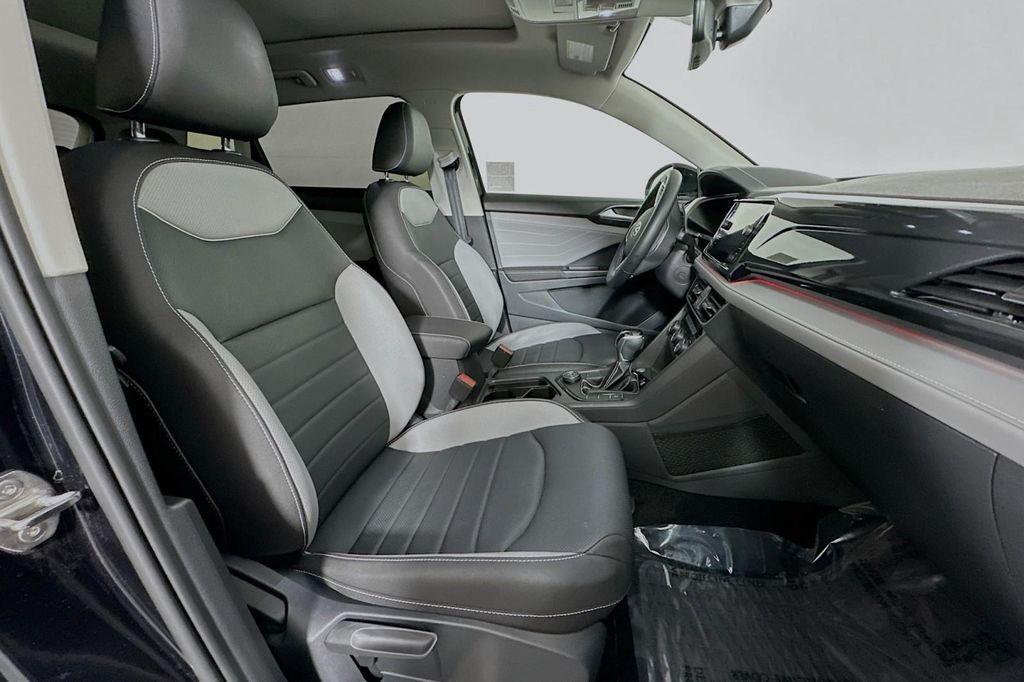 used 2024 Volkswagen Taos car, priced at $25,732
━━━
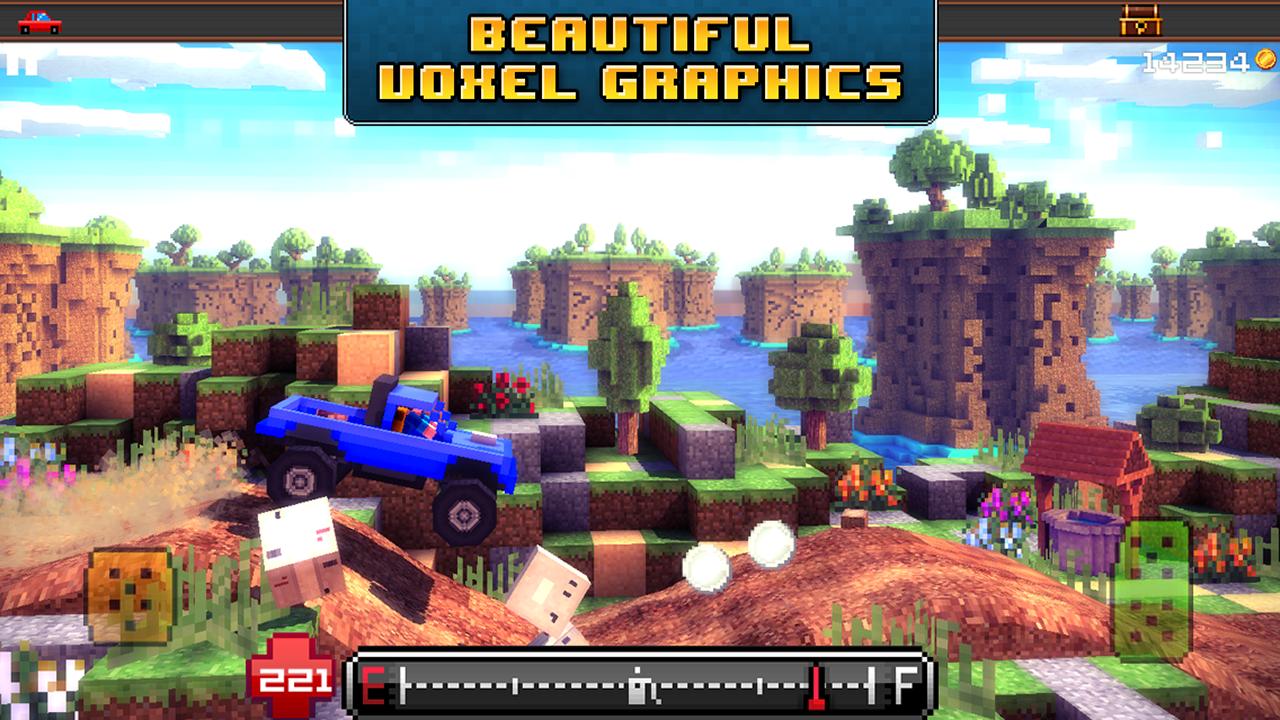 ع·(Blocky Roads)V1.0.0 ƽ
━━━
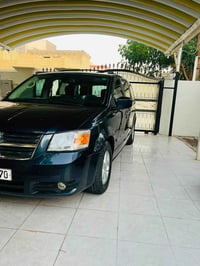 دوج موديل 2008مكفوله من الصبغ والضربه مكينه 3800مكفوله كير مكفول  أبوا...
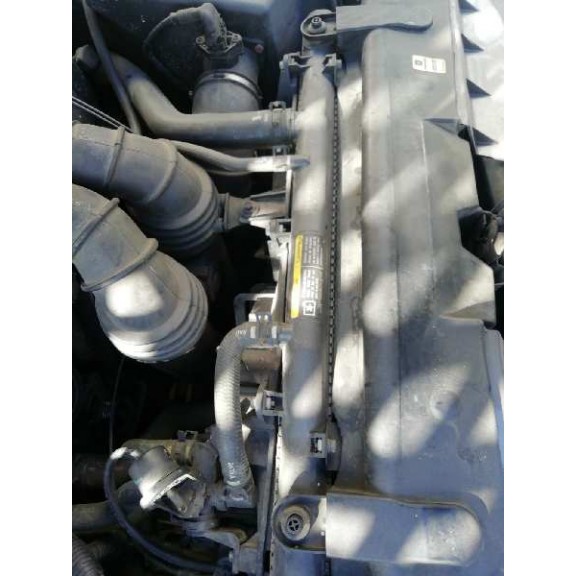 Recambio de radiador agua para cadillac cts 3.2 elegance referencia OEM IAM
━━━
[REQUIRED WORK]
Copy exactly the part of the material above that opens with the line containing "دوج موديل 2008مكفوله" and closes with the line containing "Recambio de radiador", ends included. Drop the images.

[RESULT OF THE TASK]
 دوج موديل 2008مكفوله من الصبغ والضربه مكينه 3800مكفوله كير مكفول  أبوا...
 Recambio de radiador agua para cadillac cts 3.2 elegance referencia OEM IAM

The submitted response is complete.